[quote=“Hamletintaiwan”][quote=“Hamletintaiwan”][quote=“Ducked”]Got three machines in my (shared) office, all pretty ancient and all running XP.
No sign of any migration plan from the IT department, but since their main role/core skill seems to be drinking tea, I’m not very surprised.
(A long time ago I had a proper job doing network support for Treasury and Capital Markets Trading floors, so dealing with these clowns is a bit rough on my blood pressure, and I tend to avoid it, which is probably fine by them.)
Anyway, about a year ago the hard disk failed on one of the machines and, after a lot of nagging, it was given a replacement and re-install of XP and Office by the IT dept, which killed performance (can take 10 minutes to get to a directory) and massively increased the frequency of “Windows has installed a critical security update .blah blah which required a restart of your computer.”
Since it did this several times a day, I was rather looking forward to XP EOL, but its STILL DOING IT.

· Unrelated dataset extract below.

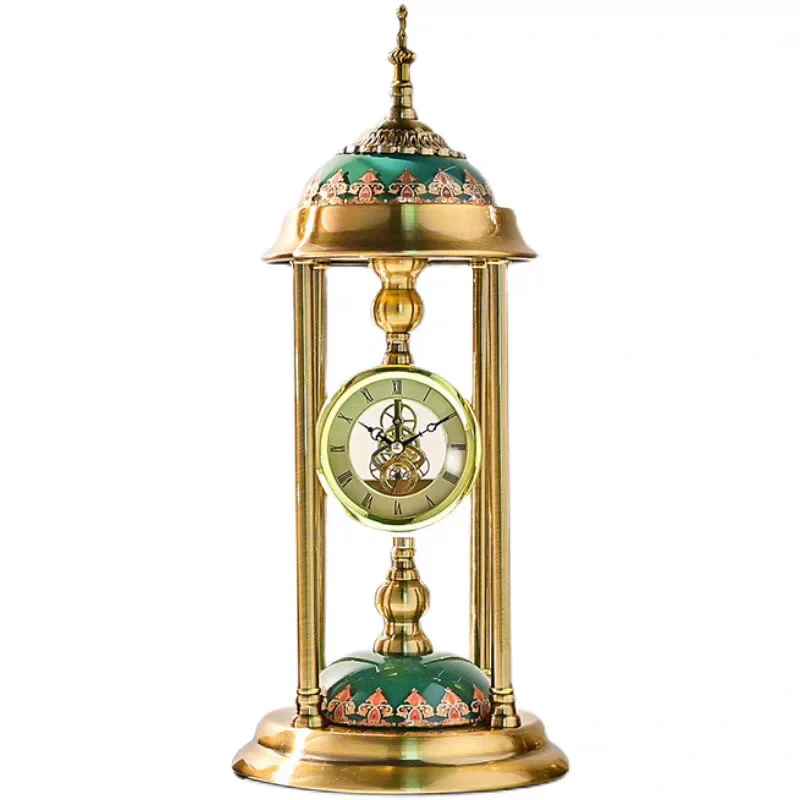 European retro metal table clock pendulum clock creative jewelry home model living room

What gives, d’yall think?[/quote]
A lot of this… “Microsoft ended the support for windows xp” doesn’t seem to be correct, entirely.
Windows xp embedded for example, will be updated for some more years to come.
These versions run in many machines like MRT ticket or ATMs etc.
I think the corporate edition will be able to install updates also.
Another choice is to downgrade to windows 2003 server edition.
Anyhow, open source is the way to go.[/quote]
So the crack is here!
If you want to update your XP with the XP-embedded updates, here is a tutorial on how to do this.
http://www.zdnet.com/registry-hack-enables-continued-updates-for-windows-xp-7000029851/
To apply the hack, create a text file with a .reg extension and the contents below:
Windows Registry Editor Version 5.00
[HKEY_LOCAL_MACHINE\SYSTEM\WPA\PosReady]
"Installed"=dword:00000001
Run it by double-clicking in Windows Explorer. After this is done, if you run Windows Update, it will find several updates,[/quote]
They don’t recommend that, since they say the Embedded updates aren’t tested under XP, and they say something could break. If that’s not enough as a warning, think about this: if when they said that a product was awesome (cue in for WinME and Vista) it kind of sucked, when they say it can break… well, run for your life!